● **Exercise aim**
Each line below from the line with "Edgar Strong Obituary" to the line with "Prodej atypického bytu, Nesebar, Bulharsko, 87" must be copied exactly, including those two, and no picture may appear in the copy.

● **Material provided**
++++

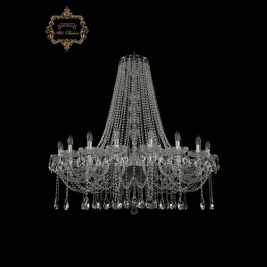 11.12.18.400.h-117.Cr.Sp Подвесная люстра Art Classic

++++

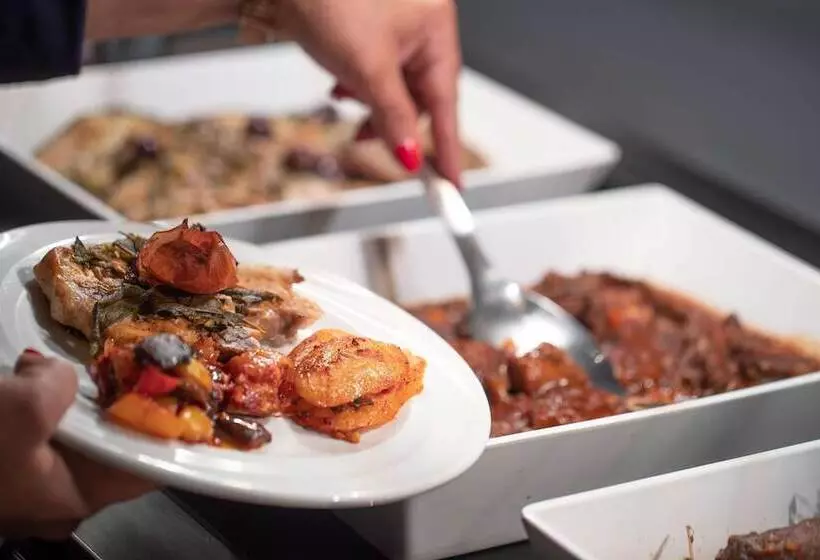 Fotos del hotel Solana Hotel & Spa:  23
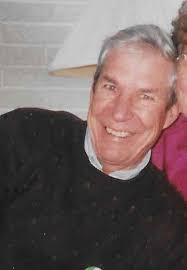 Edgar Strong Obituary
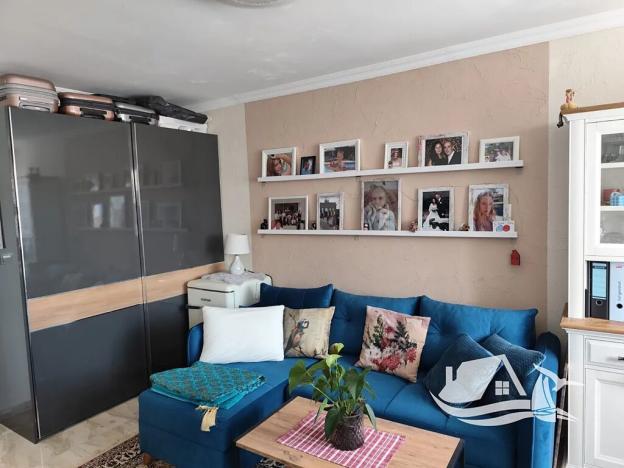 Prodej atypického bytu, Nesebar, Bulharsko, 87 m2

++++

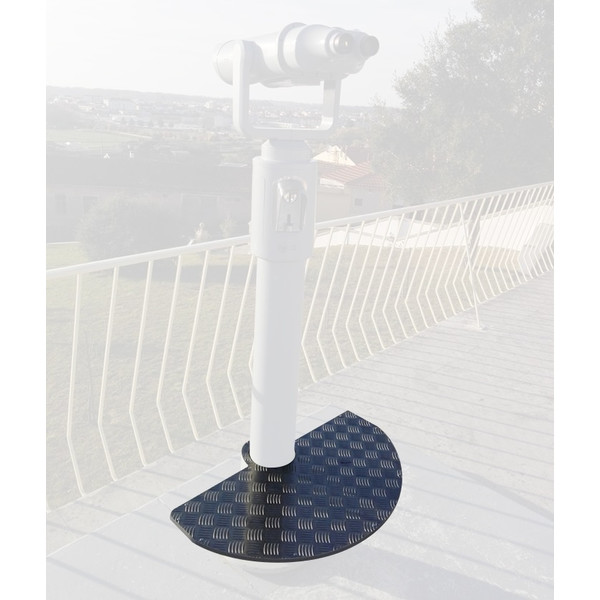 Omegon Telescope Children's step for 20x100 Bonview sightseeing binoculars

++++

● **Expected answer**
 Edgar Strong Obituary
 Prodej atypického bytu, Nesebar, Bulharsko, 87 m2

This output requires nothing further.